Indiana coach Terry Hoeppner dead at 59


He is the third former head coach at Miami of Ohio to die within the last year.

ASSOCIATED PRESS

For the third time in one year, Miami University of Ohio is grieving the death of a former head football coach.

Terry Hoeppner, the coach at Indiana University the past two years after spending six years in charge of the RedHawks, died Tuesday of complications from a brain tumor. He was 59.

Bo Schembechler, the legendary Michigan coach, died the day before the second-ranked Wolverines’ clash with No. 1 Ohio State last November.

Schembechler was 40-17-3 as Miami’s head coach from 1963-68 before moving on to Michigan.

Former Miami coach Randy Walker died June 29, 2006, of a heart attack. He had been the head coach at Northwestern, and during his nine years at Miami had been one of Hoeppner’s mentors.

“I lost a friend and someone I learned a lot from in our time at Miami,” Hoeppner said shortly after Walker’s death. “He is a great man, a great family man and a great person. Words cannot express how much I will miss him.”

Now those same sentiments are being expressed by others who knew Hoeppner.

Big Ben’s coach

Pittsburgh quarterback Ben Roethlisberger, a Findlay native recruited to play at Miami by Hoeppner, called Hoeppner a role model.

“Coach Hoeppner has inspired me to be who I am today,” he said in a statement. “He has been a second father, a teacher and a friend. He believed in me and I owe everything to him for where I am in life.”

Current Miami coach Shane Montgomery also felt the sting of loss.

“Everybody knew what a great coach he was, but he was a great person,” said Montgomery, who also played quarterback for Hoeppner and was his assistant at Miami. “He was a great person to be around. He was a coaches’ coach and a players’ coach and had a great attitude about everything.”

After two brain surgeries in the past 18 months, Hoeppner spent the last four months on medical leave. He died at 6:50 a.m. at Bloomington Hospital with his family at his side, Indiana officials confirmed.

“I know he was fighting until the last day, and that’s just the type of person he was,” Montgomery said. “We’re going to miss him. I’m going to miss him as both a coach and a friend.”

The 59-year-old Hoeppner was born in Indiana and went to high school and college there, but was steeped in Miami’s football traditions.

Came to Oxford in 1986

He came to Oxford, Ohio, as an assistant coach in 1986, became assistant head coach from 1993-98 and then took over as head coach in 1999 when Walker left to take the Northwestern job.

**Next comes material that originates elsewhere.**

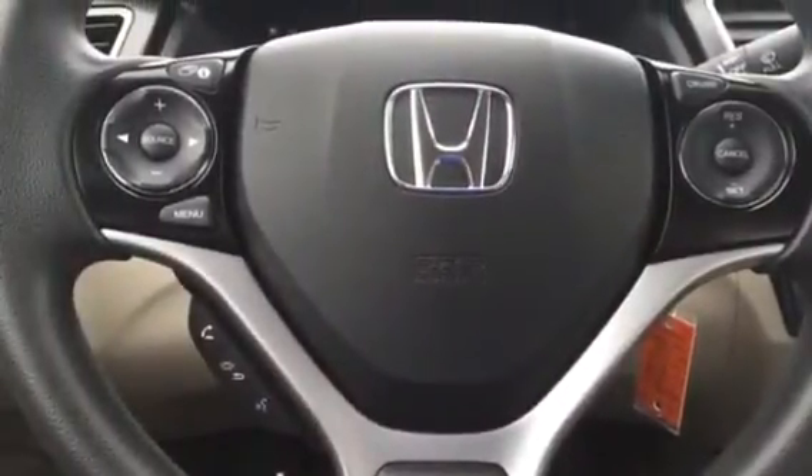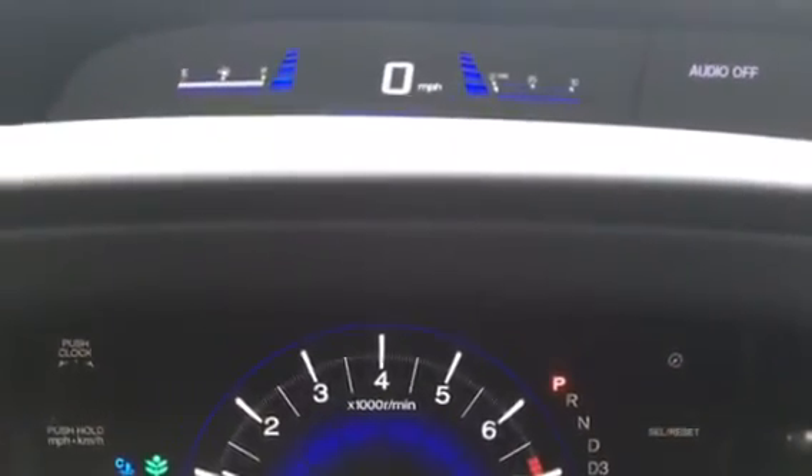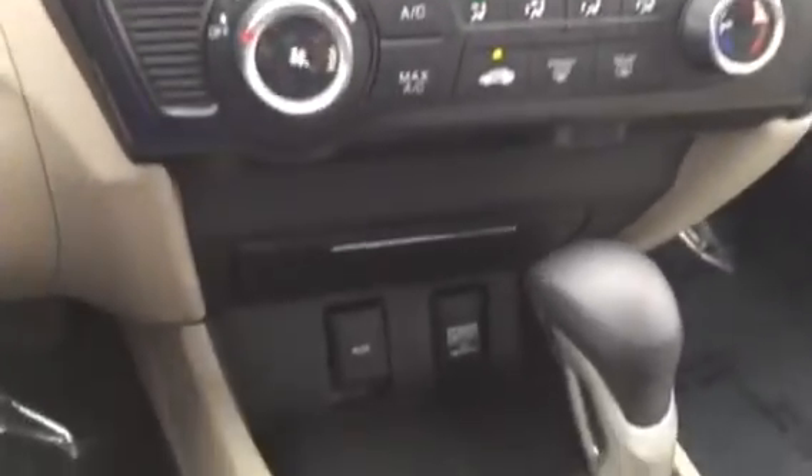You can see the steering wheel controls with your Bluetooth, cruise control, and volume controls, and then this is the cluster right behind it. This is your center display — here you have the screen on top that shows your trip computer, your temperature controls, auxiliary and power outlet.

He had a record of 48-25 in his six years with the RedHawks. His 19 years as an assistant and head coach are the longest tenure of any coach in program history.

Along the way, he made many, many friends.

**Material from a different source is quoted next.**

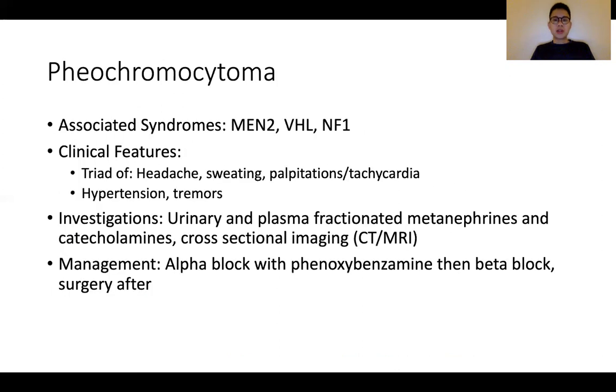Let's talk a bit about pheochromocytoma. It has a classic triad of headaches, sweating, and palpitations or tachycardia, as well as associated features of hypertension and sometimes tremors. It is also important to know the associated syndromes with pheochromocytoma — MEN 2 syndromes as mentioned, Von Hippel-Lindau, and neurofibromatosis type 1. Hence, if you encounter a patient with the suggestive triad, it is important to look for features of these syndromes. Investigations involve urinary as well as plasma metanephrines and catecholamines, followed by targeted cross-sectional imaging to locate the lesion.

“Coach Hoeppner’s untimely death is a loss for the game of football, for the Big Ten, Indiana University, for his wonderful family and for the young people he touched,” said Ohio State coach Jim Tressel, who coached against Hoeppner-coached teams at Miami and Indiana. “Coach Hep was a difference-maker throughout his career.”

With Roethlisberger at quarterback, Hoeppner’s 2003 Miami squad went 13-1, won MAC divisional and conference championships and beat Louisville 49-28 in the GMAC Bowl. The RedHawks finished No. 10 in the final Associated Press poll, their highest ranking to end a season.

“He led by words and actions, from near and far, by example and intellect and as a perpetual teacher and student,” Miami athletic director Brad Bates said. “Terry was a great teacher, a better coach, an even better colleague and, most of all, friend.”

Dan Dalrymple, the New Orleans Saints strength and conditioning coach, was on staff at Miami for most of Hoeppner’s career there.

“He had unbridled enthusiasm and a zest for life and coaching,” Dalrymple said. “He has touched the lives of numbers of players and his legacy will go on because of the type of person he was. He had an impact on everyone he met.”